I don't think we have a recipe that says, "Take a child of two non-college educated parents, add primary education ingredient X, bake, and out comes a college-capable high school graduate." The mystery ingredient X has yet to be discovered.
Predictably, lots of commenters showed up and said the missing ingredient X is IQ. What they mean is that students continue to need a high IQ to succeed in today's education environment because, by and large, the prevalent educational techniques fail to simplify the complex concepts students need to learn to be "college-capable high school students." The result is that education remains largely inaccessible to those having low IQs.

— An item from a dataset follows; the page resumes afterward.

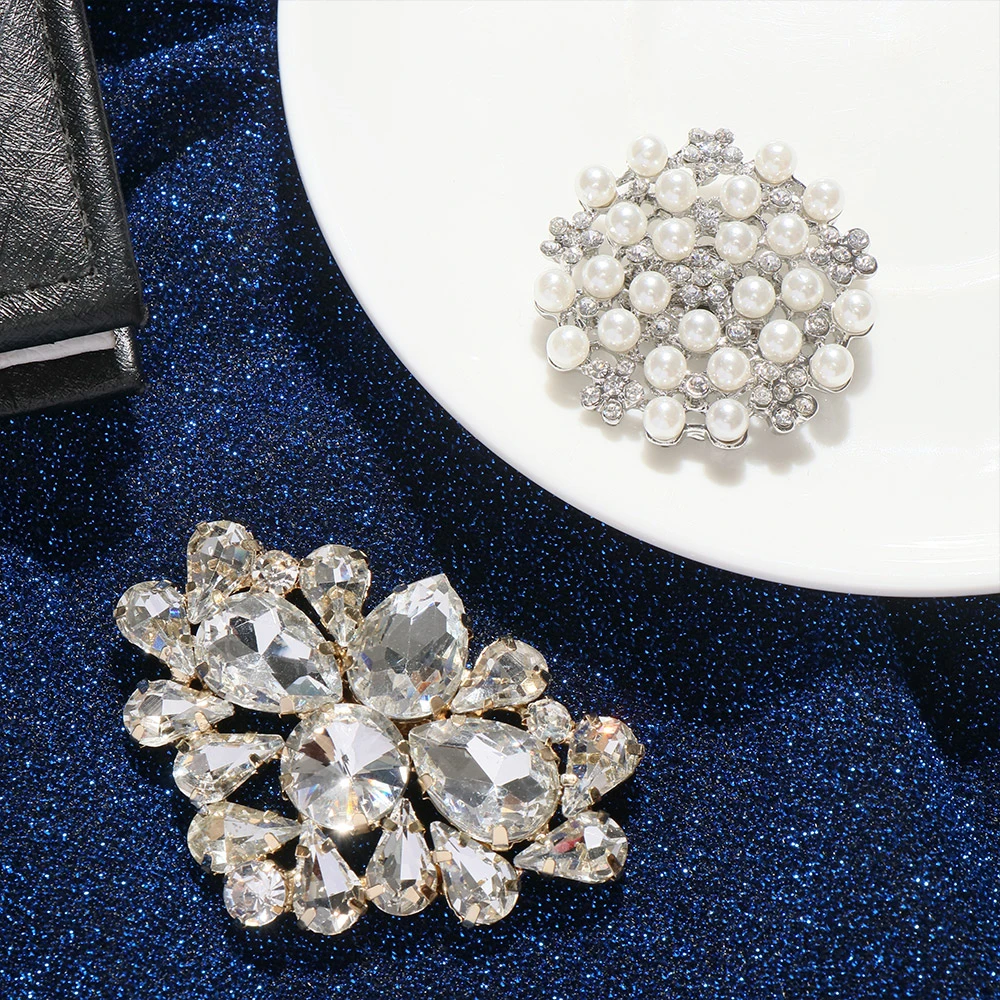 1Pcs เงาตกแต่งคลิปสำหรับ DIY รองเท้าสุภาพสตรีรองเท้า Heel Charm หัวเข็มขัดผู้หญิงเจ้าสาวรองเท้าตกแต่ง Rhinestone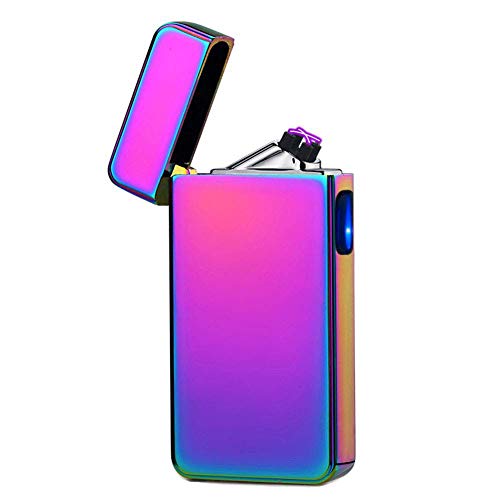 Product Cover lcfun Dual Arc Plasma Lighter USB Rechargeable Arc Lighters Windproof Flameless Electric Lighter Candle Lighter (Magic)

I'd say mystery ingredient X will most likely involve something that simplifies the complex concepts that need to be learned, but currently aren't being learned by low-IQ students. (This also extends to low-SES students which largely overlap the low-IQ group.) DI provides a large portion of this mystery ingedient X at the elementary school level. In fact, this is speifically the goal of DI's design:
The net result of meeting these criteria is that DI materials appear to be easy. Possibly the most difficult concept for observers of DI programs to understand is that although the programs seem simple, they meet multiple design criteria that make them simple. The superficial impression of a program done right is that the authors may not understand some of the complexities of the content. The complexities, however, have been addressed and have been reduced to non-complexities that do not sacrifice the integrity of what is taught earlier or what is to be taught later. If the criteria are met, the prediction is that the student will generalize to a specified set of examples including those that have not been taught.
Rubric for Identifying Authentic DI Programs, pp. 18-19.